# [Information shown]

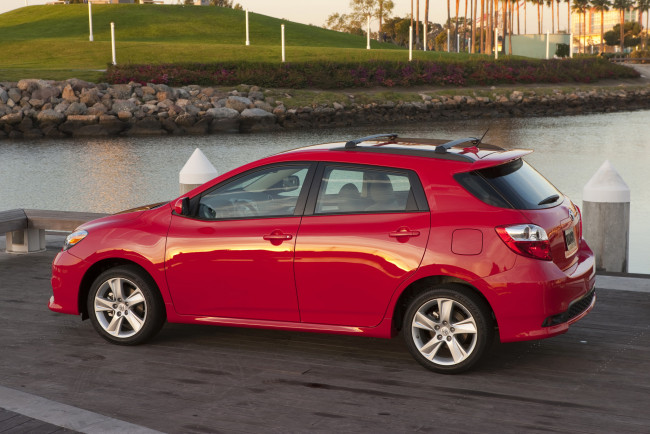 Обои картинки фото 2011 toyota matrix, автомобили, toyota, matrix, красный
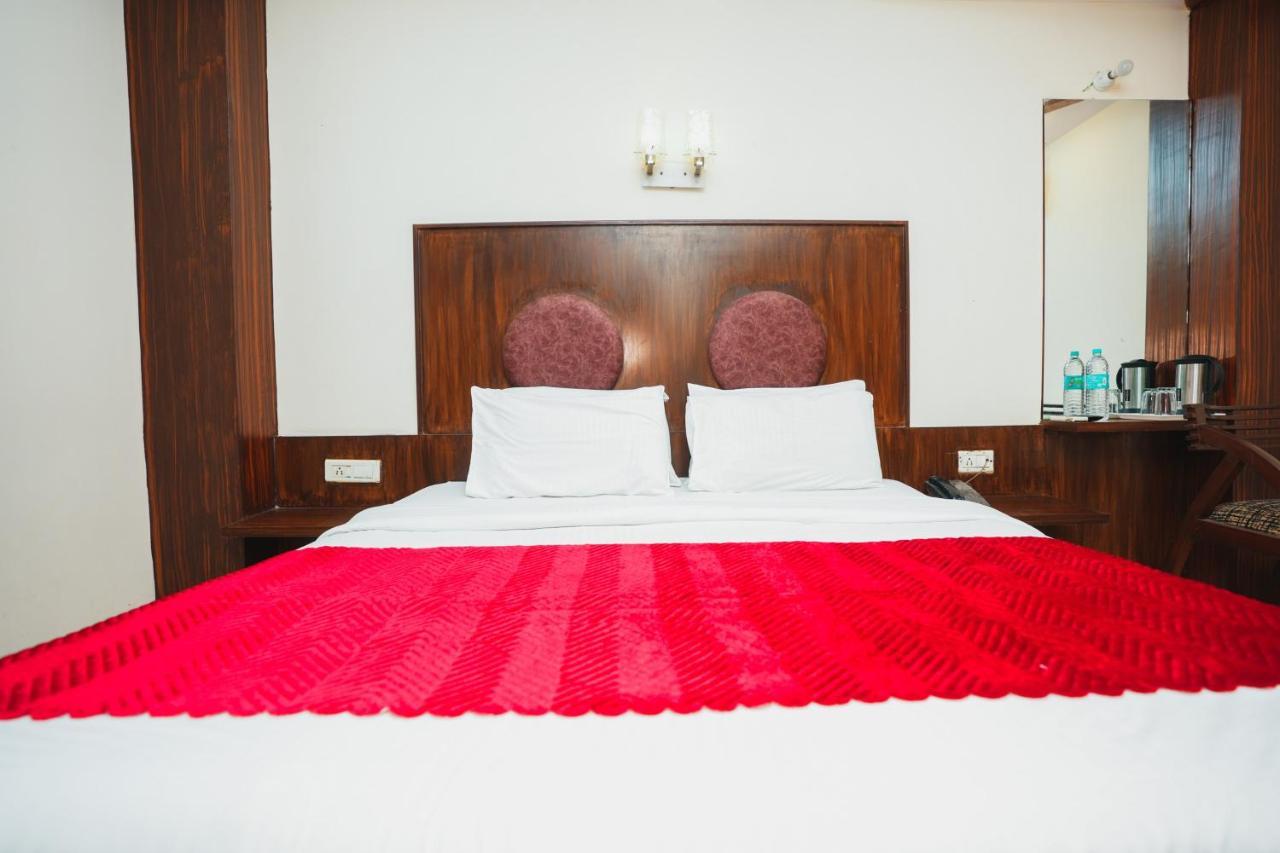 Hotel High 5 Land Delhi  Exterior foto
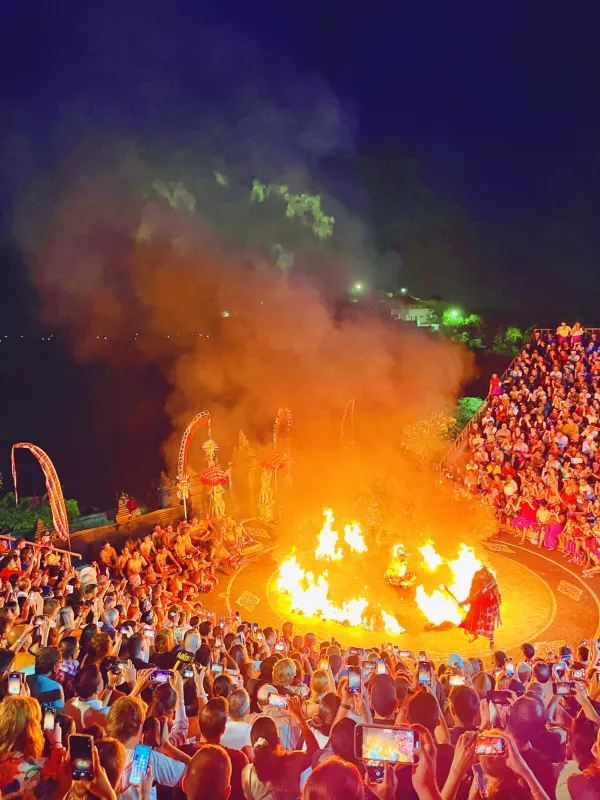 Bali's Uluwatu Temple and Kecak Dance Experience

# [Activity]
Skip all pictures. Write out only the lines from the one containing "Hotel High 5" to the end of the listing above, inclusive, exactly as given.

# [Output for this exercise]
 Hotel High 5 Land Delhi  Exterior foto
 Bali's Uluwatu Temple and Kecak Dance Experience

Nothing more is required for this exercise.